Corruption, impunité et vie chère au Burkina Faso: témoignage d’un divorce entre les institutions et la société

Depuis quelques années, les populations Burkinabè ont perdu toute confiance en leurs institutions. Elles les savaient fragiles mais espéraient qu’au fil du temps, ces institutions se renforceraient et contribueraient progressivement à l’ancrage de la démocratie. Plus le temps passe, plus l’espoir d’un processus démocratique réel fait place au constat douloureux de l’instauration d’une ploutocratie institutionnelle voire une « floutocratie » où les dignitaires vivent le paradis terrestre et les citoyens s’enlisent dans leur grande majorité dans la misère noire. L’Etat de droit et les institutions qui sont sensées le porter et lui conférer toute sa légitimité ressemblent fort à des tonneaux de danaïdes.

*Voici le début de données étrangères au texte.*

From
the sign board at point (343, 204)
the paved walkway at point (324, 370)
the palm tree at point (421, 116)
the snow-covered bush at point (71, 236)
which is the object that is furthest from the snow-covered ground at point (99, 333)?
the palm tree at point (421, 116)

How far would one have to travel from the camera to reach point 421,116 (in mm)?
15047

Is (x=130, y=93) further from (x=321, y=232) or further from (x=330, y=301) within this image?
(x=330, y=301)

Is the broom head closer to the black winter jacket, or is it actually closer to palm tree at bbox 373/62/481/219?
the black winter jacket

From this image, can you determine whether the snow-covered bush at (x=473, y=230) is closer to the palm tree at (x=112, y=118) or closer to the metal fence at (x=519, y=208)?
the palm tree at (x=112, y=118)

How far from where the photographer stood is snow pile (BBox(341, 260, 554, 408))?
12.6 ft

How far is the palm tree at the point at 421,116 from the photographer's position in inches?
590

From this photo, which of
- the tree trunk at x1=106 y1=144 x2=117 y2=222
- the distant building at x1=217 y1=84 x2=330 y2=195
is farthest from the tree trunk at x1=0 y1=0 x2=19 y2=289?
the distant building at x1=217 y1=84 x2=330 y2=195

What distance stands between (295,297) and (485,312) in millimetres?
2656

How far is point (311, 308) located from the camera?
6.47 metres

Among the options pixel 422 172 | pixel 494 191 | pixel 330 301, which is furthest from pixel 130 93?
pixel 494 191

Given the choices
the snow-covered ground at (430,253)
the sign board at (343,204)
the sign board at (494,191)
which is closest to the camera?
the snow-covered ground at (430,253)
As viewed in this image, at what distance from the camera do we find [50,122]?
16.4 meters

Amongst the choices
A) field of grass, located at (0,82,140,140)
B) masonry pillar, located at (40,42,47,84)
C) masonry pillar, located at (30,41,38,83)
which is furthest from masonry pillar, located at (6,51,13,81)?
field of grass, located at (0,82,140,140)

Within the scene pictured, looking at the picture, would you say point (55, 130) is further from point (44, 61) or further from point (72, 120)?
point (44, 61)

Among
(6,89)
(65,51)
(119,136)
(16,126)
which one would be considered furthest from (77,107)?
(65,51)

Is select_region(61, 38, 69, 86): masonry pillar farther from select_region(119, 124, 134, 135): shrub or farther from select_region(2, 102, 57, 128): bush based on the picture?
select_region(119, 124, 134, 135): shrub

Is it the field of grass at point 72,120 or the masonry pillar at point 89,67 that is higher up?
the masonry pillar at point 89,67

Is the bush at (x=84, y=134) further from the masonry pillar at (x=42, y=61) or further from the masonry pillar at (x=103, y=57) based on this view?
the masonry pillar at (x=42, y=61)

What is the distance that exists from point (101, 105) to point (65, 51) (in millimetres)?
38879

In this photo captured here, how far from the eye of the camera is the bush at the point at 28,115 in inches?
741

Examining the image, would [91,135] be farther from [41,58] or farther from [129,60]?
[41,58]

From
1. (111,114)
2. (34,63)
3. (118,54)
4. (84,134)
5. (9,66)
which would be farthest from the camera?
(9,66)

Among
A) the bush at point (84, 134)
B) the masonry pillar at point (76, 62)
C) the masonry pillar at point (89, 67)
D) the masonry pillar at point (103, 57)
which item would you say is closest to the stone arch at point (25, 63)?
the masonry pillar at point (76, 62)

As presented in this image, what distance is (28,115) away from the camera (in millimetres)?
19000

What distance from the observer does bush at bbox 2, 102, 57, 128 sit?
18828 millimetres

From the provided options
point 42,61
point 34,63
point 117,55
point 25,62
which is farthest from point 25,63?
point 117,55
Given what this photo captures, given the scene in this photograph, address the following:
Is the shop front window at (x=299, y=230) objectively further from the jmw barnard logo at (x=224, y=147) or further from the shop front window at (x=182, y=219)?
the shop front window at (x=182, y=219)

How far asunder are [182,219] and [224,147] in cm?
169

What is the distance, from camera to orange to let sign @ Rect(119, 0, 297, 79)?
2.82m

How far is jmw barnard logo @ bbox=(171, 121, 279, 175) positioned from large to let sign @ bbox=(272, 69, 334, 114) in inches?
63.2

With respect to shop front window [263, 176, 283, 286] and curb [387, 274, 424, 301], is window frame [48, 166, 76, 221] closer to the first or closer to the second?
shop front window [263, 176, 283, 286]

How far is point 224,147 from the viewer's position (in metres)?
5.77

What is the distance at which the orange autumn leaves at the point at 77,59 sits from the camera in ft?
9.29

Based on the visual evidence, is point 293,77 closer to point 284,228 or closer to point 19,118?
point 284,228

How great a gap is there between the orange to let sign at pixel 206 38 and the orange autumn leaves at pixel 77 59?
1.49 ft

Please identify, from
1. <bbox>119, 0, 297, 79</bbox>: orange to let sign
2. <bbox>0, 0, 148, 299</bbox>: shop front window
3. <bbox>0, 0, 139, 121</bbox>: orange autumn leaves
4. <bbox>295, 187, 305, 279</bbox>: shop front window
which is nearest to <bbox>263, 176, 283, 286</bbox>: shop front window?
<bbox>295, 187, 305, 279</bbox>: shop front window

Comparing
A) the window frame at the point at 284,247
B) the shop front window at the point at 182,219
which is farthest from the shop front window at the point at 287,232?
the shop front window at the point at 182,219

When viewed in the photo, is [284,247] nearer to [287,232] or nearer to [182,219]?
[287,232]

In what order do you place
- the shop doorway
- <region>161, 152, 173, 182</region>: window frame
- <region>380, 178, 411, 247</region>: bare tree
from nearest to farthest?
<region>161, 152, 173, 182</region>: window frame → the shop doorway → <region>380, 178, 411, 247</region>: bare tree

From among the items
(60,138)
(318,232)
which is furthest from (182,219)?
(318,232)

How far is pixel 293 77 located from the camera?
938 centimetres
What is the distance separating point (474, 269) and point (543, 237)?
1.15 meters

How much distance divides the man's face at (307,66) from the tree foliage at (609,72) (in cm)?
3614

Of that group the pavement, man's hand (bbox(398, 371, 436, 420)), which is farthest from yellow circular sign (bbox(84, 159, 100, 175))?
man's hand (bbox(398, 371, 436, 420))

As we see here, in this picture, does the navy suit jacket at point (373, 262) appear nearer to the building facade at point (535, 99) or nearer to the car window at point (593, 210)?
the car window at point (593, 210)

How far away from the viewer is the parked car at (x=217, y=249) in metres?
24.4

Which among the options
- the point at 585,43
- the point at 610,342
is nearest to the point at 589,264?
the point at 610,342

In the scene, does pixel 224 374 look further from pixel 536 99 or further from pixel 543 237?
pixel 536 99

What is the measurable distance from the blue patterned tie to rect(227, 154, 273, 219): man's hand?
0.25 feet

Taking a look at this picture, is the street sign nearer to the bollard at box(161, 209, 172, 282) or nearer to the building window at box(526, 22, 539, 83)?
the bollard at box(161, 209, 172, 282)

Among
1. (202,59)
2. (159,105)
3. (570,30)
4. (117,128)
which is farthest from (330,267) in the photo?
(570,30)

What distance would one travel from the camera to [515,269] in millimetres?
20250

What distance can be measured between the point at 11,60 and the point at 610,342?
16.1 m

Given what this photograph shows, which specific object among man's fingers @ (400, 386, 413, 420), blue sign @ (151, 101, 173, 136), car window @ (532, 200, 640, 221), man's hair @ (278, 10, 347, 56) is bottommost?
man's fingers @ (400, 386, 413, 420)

Malgré les incessantes interpellations, les multiples dénonciations tant par les organisations de la société civile, de la presse que par certains partenaires au développement, les gouvernants sont restés sourds, préférant souvent verser dans la diversion avec la bonne tactique machiavélique consistant à bien manier à la fois, le bâton et la carotte. Peu importe donc que le peuple ne leur reconnaisse une quelconque légitimité. Le plus important étant qu’il ait peur du souverain. Dans ces conditions, l’accès à un poste de responsabilité rime plus avec contribution à la consolidation du pouvoir du souverain avec tout ce que cela comporte d’avantages personnels, d’enrichissements illicites, de laisser-aller et laisser-faire pourvu que l’on ne touche pas aux intérêts du grand chef et peut-être de sa famille. En seulement moins de deux décennies d’apprentissage démocratique, les Burkinabè semblent s’essouffler dans leur quête de plus de justice distributive, d’équité dans l’accès aux services sociaux de base et l’exercice effectif de leur citoyenneté. Ils croient de plus en plus en la rue comme moyen le plus sûr de se faire entendre. En d’autres termes, ils croient plus aux rapports de force qu’à la régulation sociale par les institutions républicaines.

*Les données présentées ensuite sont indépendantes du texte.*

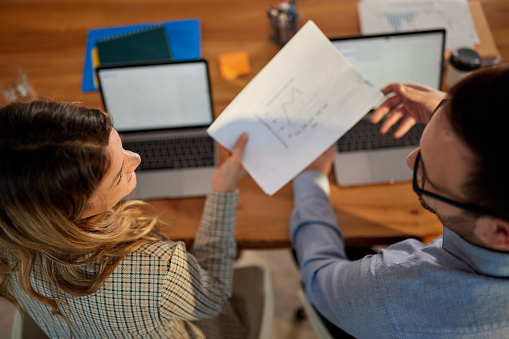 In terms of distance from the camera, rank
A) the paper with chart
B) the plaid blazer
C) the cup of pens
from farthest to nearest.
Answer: the cup of pens
the paper with chart
the plaid blazer

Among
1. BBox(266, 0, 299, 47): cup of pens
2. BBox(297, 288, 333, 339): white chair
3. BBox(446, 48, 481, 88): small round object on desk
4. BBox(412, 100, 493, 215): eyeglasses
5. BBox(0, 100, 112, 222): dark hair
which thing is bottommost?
BBox(297, 288, 333, 339): white chair

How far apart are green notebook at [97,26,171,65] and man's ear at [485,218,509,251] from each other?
1.09 metres

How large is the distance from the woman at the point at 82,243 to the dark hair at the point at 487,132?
1.85ft

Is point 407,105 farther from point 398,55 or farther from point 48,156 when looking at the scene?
point 48,156

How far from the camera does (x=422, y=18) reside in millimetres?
1413

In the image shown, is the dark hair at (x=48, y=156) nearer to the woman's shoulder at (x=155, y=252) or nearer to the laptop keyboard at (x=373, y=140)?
the woman's shoulder at (x=155, y=252)

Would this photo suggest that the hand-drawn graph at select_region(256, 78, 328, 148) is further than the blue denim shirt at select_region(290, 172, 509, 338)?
Yes

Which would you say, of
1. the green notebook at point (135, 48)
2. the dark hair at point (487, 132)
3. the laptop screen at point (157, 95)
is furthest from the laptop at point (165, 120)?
the dark hair at point (487, 132)

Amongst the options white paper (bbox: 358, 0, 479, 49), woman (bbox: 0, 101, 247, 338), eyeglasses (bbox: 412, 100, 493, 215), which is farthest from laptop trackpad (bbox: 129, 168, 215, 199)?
white paper (bbox: 358, 0, 479, 49)

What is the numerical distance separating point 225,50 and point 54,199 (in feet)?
2.90

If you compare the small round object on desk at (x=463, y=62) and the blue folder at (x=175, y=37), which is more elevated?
the blue folder at (x=175, y=37)

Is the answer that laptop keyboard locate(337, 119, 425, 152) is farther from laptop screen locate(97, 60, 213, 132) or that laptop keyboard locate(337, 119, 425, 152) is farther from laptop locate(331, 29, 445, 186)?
laptop screen locate(97, 60, 213, 132)

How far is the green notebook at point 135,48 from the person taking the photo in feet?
4.59

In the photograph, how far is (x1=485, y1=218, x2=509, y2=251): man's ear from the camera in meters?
0.62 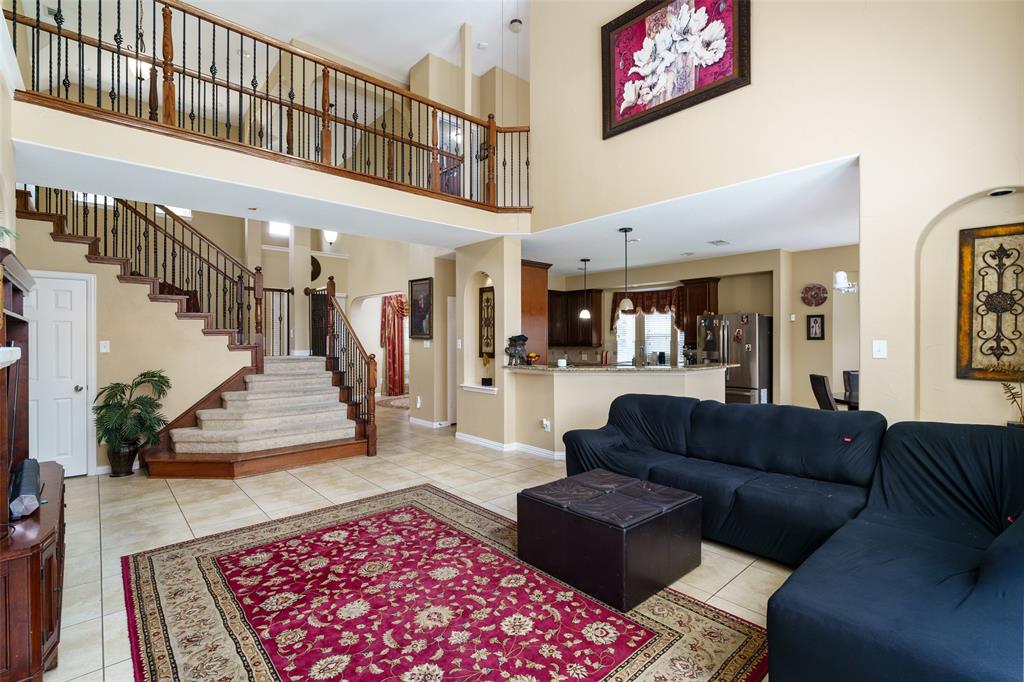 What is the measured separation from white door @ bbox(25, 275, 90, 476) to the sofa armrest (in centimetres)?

« La société burkinabè est divisée aujourd’hui entre Entre les deux se positionne un troisième groupe qui tente avec des fortunes diverses de réduire la cassure et de sonner le réveil des opprimés ». La cascade des évènements en ce début d’année est la manifestation du refus de l’état actuel de la situation sociopolitique en cours au Burkina Faso. La société est en effet divisée entre d’une part une minorité de « citoyens » à qui la République a donné tous les pouvoirs et les richesses, et d’autre part une majorité presque silencieuse à qui cette même République a condamné à la misère économique et sociale.

Cette majorité silencieuse se résout de plus en plus à ne plus accepter périr dans le silence. Désormais c’est dans la violence qu’elle entend exprimer son désaccord avec les pouvoirs publics.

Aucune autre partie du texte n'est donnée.